100 years ago, the city of Cincinnati decided it was time for an upgrade that would lead them into the 20th century. They would join large metropolitan cities like Paris and New York in connecting their sprawling towns with an underground metro.
The plan was to drain the still water in the disused Erie Canal and utilize that as the basis of the primary tunnel. The original plan included 16 miles of underground tracks that would connect several different areas of the city. Construction began in earnest in 1920, but by 1927, only 7 miles of tunneling was complete and the project ran out of money. No tracks were ever laid and the subway was never used.
The project funding was planned in 1917, being approved just 11 days before the US entered WWI. Because no capital bonds could be issued during the war and it was difficult to procure building materials, construction was delayed. Once the war was over, post-war inflation caused construction costs to skyrocket. The city moved forward anyways, leading to the diminishing of the funds before the project was completed.
Once it was realized that the money would not be raised to complete the project, various options were explored to utilize the existing tunnels. Over the years, it has been proposed for automobile traffic, air raid shelters, wine storage, and underground mall and night club, and a movie set. None of the ideas ever came to fruition for various reasons, including political squabbling, the Great Depression, World War II, and the rise in popularity of the automobile.

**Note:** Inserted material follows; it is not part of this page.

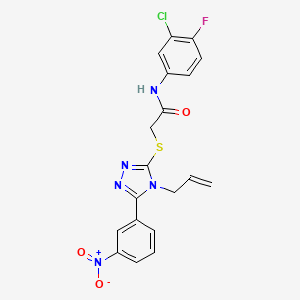 molecular formula C19H15ClFN5O3S B3530066 N-(3-chloro-4-fluorophenyl)-2-{[5-(3-nitrophenyl)-4-(prop-2-en-1-yl)-4H-1,2,4-triazol-3-yl]sulfanyl}acetamide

In 2002, a proposal called “Metro Moves” would have funded a rail transit network that planned to use the tunnel. It involved a half of a cent sales tax and was defeated by a 2-1 public vote.
Because of the quality of the original tunnel construction and the fact that taxes are used to maintain them as a road runs over top, they are strikingly well-preserved.
The tunnels are currently recognized as the largest abandoned subway tunnel in the United States.
Once a year, the Cincinnati Museum Center offers a tour. For the rest of the year, the site is a haven for urban explorers that can find a way in.
Based on the history of the tunnels, it isn’t likely that they are going to be used in an active project anytime soon, but they have mostly faded from public knowledge. Today, even many Cincinnatians don’t know about the abandoned tunnels beneath their city streets. It’s likely that will be the case even more so 100 years from now.